Five years ago Stephan Gale signed a contract to enlist with the United States Marine Corps. It was then that Gale abandoned thoughts of playing any competitive hockey beyond his years in high school.
Gale’s assumptions were incorrect. After serving the United States in Iraq, Gale returned home and began researching colleges. He settled on New York University and has found himself a spot on the NYU blueline.
NYU couldn’t have asked for a more prototypical blue line force. Gale is 6’3” 250 pounds and plays a physical, stay-at-home style.
“Because of my size, I’m not the quickest guy,” Gale said. “ But that is why I play defense. I love to hit, it has been my game since I was allowed to start hitting.”
Gale is also quick to defend his teammates. One of the traits he credits the Marines with helping to develop. His time in the corps forged a personality that many of his NYU teammates admire.

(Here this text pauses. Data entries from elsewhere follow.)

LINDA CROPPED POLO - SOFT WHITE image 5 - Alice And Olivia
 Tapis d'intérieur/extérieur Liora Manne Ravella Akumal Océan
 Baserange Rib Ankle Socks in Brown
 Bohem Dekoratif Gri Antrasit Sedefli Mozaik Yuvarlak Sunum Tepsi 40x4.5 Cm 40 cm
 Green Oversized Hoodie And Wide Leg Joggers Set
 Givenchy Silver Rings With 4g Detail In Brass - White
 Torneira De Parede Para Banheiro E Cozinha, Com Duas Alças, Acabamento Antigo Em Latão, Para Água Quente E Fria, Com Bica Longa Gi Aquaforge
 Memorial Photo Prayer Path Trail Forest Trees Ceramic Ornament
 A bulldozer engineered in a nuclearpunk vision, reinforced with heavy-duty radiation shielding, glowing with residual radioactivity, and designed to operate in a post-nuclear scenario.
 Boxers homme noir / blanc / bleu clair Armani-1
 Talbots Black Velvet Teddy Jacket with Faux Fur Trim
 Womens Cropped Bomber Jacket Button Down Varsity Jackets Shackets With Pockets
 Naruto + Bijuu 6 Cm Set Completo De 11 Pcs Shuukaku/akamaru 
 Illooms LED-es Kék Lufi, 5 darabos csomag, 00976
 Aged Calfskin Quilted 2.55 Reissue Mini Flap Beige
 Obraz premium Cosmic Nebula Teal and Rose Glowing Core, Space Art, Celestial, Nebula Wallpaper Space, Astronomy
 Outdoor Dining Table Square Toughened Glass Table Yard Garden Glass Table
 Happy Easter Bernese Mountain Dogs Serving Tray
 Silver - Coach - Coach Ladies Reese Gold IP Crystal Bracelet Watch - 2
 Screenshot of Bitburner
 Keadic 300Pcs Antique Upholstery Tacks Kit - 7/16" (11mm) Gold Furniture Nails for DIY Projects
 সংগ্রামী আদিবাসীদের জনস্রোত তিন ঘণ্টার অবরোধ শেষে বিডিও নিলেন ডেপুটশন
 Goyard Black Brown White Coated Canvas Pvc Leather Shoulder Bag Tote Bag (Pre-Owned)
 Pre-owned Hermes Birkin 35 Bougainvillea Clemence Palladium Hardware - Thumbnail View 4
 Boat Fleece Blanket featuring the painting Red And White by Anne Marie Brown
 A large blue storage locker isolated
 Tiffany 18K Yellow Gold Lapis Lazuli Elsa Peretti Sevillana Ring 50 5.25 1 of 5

“If anything happens on the ice, [Stephan] is the first one in there,” captain Richie Pallai said. “I know if I was on the other team and saw how big he was, I would take a step back too.”
Pallai, who is wearing a letter for NYU for the second-straight season, has seen the impact Gale has made on the ice and in the locker room.
“He is never negative about anything,” Pallai said. “He is always able to keep things in perspective. We have a good team this year but we are very young. Having that point of view helps out a lot.”
Pallai noted that Gale takes everything in stride, happy to be part of the team. That was echoed by Gale, who described himself as someone who leads by example, rather than being a rah-rah type of leader.
“Being in the Marines teaches you leadership, whether you’re looking for it or not,” Gale said. “A few guys come up to me looking for advice, but I’m not trying to put it out there. I feel like I provide a little maturity to the team.”
Perhaps the biggest adjustment for Gale was getting his legs back under him. Despite having ingrained leadership skills, Gale’s hockey IQ and on-ice stamina deteriorated in the five years he was out of the game.
“The first day of training camp was tough,” Gale said. “I had been out of hockey for so long I barely recognized what a practice looked like. I knew I didn’t have my hockey legs yet. It was far more intense than what I remembered.
“Coming in, I thought I would come in and be one of the bigger, stronger guys on the team. I learned quickly that if you don’t skate, you lose it.“
Gale did have plenty of cross training and stamina based on his training from the Marine Corps. He did note that the cross over to skating was the biggest adjustment he had to make.
Both he and Pallai noted that he has found a groove in terms of the contributions he is making on the ice as of late. The five-year absence from competitive hockey was the biggest culprit in Gale’s adjustment period. Simply having the opportunity to play at the collegiate level is enough for Gale right now.
“After signing my contract to join the Marines, college hockey was out of the questions for me,” Gale said. “I’m grateful to be able to play at such a high level. I’m even more grateful to be playing with such a great group of guys like I have here at NYU.”
Gale has taken advantage of the opportunity to complete his hockey career. Something he abandoned when he left to serve the United States. While he is grateful for the chance to play with his teammates at NYU, they would be quick to point out their gratefulness of Gale’s service to the nation.